While the Kirin 960’s L1/L2 cache performance is mixed, it holds a clear advantage over the Kirin 950 when using system memory. Memory latency improves by 25%, about the same amount our internal testing shows, and memory bandwidth improves by 69%. The A73’s two load/store AGUs are likely responsible for a large chunk of the additional memory bandwidth, with the Mate 9’s higher memory bus frequency helping some too.

System Performance

Now it’s time to see how Kirin 960’s lower-level CPU and memory results translate into real-world performance, keeping in mind that OEMs can influence the balance between performance and battery life in a number of ways, including adjusting thermal limits and parameters that govern CPU scheduler and DVFS behavior, which is one reason why two devices with the same SoC can perform differently.

PCMark - Work 2.0 Performance Overall

PCMark - Web Browsing 2.0

PCMark - Writing 2.0

PCMark - Data Manipulation 2.0

PCMark includes several realistic workloads that stress the CPU, GPU, RAM, and NAND storage using Android API calls many common apps use. The Mate 9 and its Kirin 960 SoC land at the top of each chart, outpacing the Mate 8 and its Kirin 950 by 15% overall and the top-performing Snapdragon 821 phones by up to 20%.

The Mate 9’s advantage over the Mate 8 is only 4% in the Web Browsing test, but it’s still the fastest phone we’ve tested so far. Integer performance is not the Kryo CPU’s strength, and in this integer-heavy test all of the Snapdragon 820/821 phones fall behind SoCs using ARM’s A72 and A73 CPUs, with LeEco’s Le Pro3, the highest performing Snapdragon 821 phone, finishing 18% slower than the Mate 9.

The Writing test performs a variety of operations, including PDF processing and file encryption (both integer workloads), along with some memory operations and even reading and writing some files to internal NAND, and it tends to generate frequent, short bursts of activity on the big CPU cores. This seems to suit the Mate 9 just fine, because it extends its performance advantage over the Mate 8 to 23%. There’s a pretty big spread between the Snapdragon 820/821 phones; the LeEco Le Pro3, the best performer in the family, is 40% faster than the Galaxy S7 edge, a prime example of how other hardware components and OEM software tinkering can affect the overall user experience.

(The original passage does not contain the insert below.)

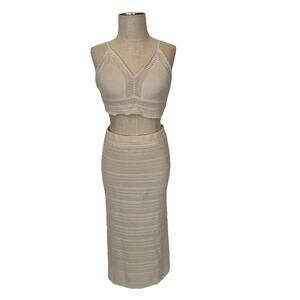 Freshman 1996 Women’s Crochet Knit Crop Top & Midi Skirt Set Size L Beige Boho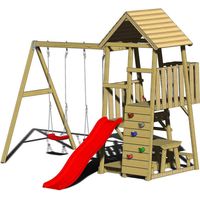 Wendi Toys Tour de jeux en bois Flamingo avec toboggan, mur d'escalade, 2 balançoires & table de pique-nique Nature 280x340x270 cm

The Data Manipulation test is another primarily integer workload that measures how long it takes to parse chunks of data from several different file types and then records the frame rate while interacting with dynamic charts. In this test, the Mate 9 is 30% faster than the Mate 8 and 37% faster than the Pixel XL.

Kraken 1.1 (Chrome/Safari/IE)

WebXPRT 2015 (Chrome/Safari/IE)

JetStream 1.1 (Chrome/Safari)

All of the Snapdragon 820/821 phones perform well in the Kraken JavaScript test, pulling ahead of the Mate 9 by a small margin. The P9 uses Kirin 955’s 7% CPU frequency advantage to help it keep up with the Mate 9 in Kraken and JetStream. The Mate 9 still pulls ahead by 11% in WebXPRT 2015, though, and outperforms the Mate 8 by 10% to 19% in all three tests. The Moto Z Play Droid, the only phone in the charts to use an octa-core A53 CPU configuration, cannot even manage half the performance of the Mate 9, which is similar to what our integer IPC tests show.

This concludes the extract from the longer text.